## Boosting Algorithms

1. Adaboost
<br>
The core principle of AdaBoost is to fit a sequence of weak learners (i.e. models that are only slightly better than random guessing, such as small decision trees) on repeatedly modified versions of the data. The predictions are then combined through a weighted majority vote (or sum) to product the final prediction. Used for classification and regression problems.
<br><br>
2. Gradient Tree Boosting
<br>
Generalizaiton of boosting to arbitrary differentiable loss functions. GBRT is an accurate and effective off-the-shelf procedure that can be used for both regression and classification problems.

## Random Forests

1. Random Forests
<br>
Each tree in the ensemble is built from a sample drawn with replacement (i.e. a bootstrap sample) from the training set. In addition, when splitting a node during the construction of the tree, the split is chosen is no longer the best split among all the features. Instead the split that is picked is the best split among a random subset of the features.
<br><br>
2. Extremely Random Trees
<br>
Randomness goes one step further in the way splits are computed. As in random forests, a random subset of candidate features is used, but instead of looking for the most discriminative thresholds, thresholds are drawn at random for each candidate feature and the best of these randomly-generated thresholds is picked as the splitting rule. This usually allows to reduce the variance of the model a bit more, at the expense of a slightly greater increase in bias.

In [1]:
import numpy as np
import pandas as pd
from sklearn.model_selection import train_test_split
from sklearn.metrics import accuracy_score, classification_report, f1_score, confusion_matrix
from sklearn.model_selection import cross_val_score

In [2]:
# Input data before feature selection
input_data_before_fs = pd.read_csv('processed_train.csv', index_col=0)

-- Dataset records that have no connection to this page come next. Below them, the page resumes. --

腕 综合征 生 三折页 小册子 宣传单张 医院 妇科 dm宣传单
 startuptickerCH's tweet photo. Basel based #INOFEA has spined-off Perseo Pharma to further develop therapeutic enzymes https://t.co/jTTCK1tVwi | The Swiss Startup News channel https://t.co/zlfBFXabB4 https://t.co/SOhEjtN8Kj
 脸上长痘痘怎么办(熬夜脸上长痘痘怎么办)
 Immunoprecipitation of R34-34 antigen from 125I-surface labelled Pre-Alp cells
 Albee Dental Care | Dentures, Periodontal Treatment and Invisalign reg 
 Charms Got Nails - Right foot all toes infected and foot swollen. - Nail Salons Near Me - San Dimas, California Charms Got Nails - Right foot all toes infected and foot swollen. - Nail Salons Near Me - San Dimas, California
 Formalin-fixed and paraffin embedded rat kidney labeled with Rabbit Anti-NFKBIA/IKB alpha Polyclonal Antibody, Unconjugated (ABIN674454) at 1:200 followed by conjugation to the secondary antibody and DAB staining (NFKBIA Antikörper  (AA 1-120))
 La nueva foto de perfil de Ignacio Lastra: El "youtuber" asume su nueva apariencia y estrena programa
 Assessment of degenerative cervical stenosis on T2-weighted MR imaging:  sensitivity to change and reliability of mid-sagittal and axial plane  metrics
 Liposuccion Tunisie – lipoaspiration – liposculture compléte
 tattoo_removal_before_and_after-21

# Input data after feature selection
input_data_after_fs = pd.read_csv('processed_train_after_feature.csv', index_col=0)

# List of all the input data
input_all = {
    "normal_before_fs" : input_data_before_fs,
    "normal_after_fs" : input_data_after_fs
}

In [15]:
# Functions
from sklearn.metrics import make_scorer, roc_auc_score
from sklearn.metrics import confusion_matrix
from sklearn.preprocessing import LabelBinarizer

def multiclass_roc_auc_score(y_test, y_pred, average="macro"):
    lb = LabelBinarizer()
    lb.fit(y_test)
    y_test = lb.transform(y_test)
    y_pred = lb.transform(y_pred)
    return roc_auc_score(y_test, y_pred, average=average)

def metric_consolidation(input_all, classifier, method = "cross_validation"):
    metrics = {'accuracy': 'accuracy',
               'roc_auc': make_scorer(multiclass_roc_auc_score, average='weighted'),
               'f1_weighted': 'f1_weighted'
              }
    
    for input_name, input_data in input_all.items():
        # split the data
        x_train, x_test, y_train, y_test = preprocessing(input_data)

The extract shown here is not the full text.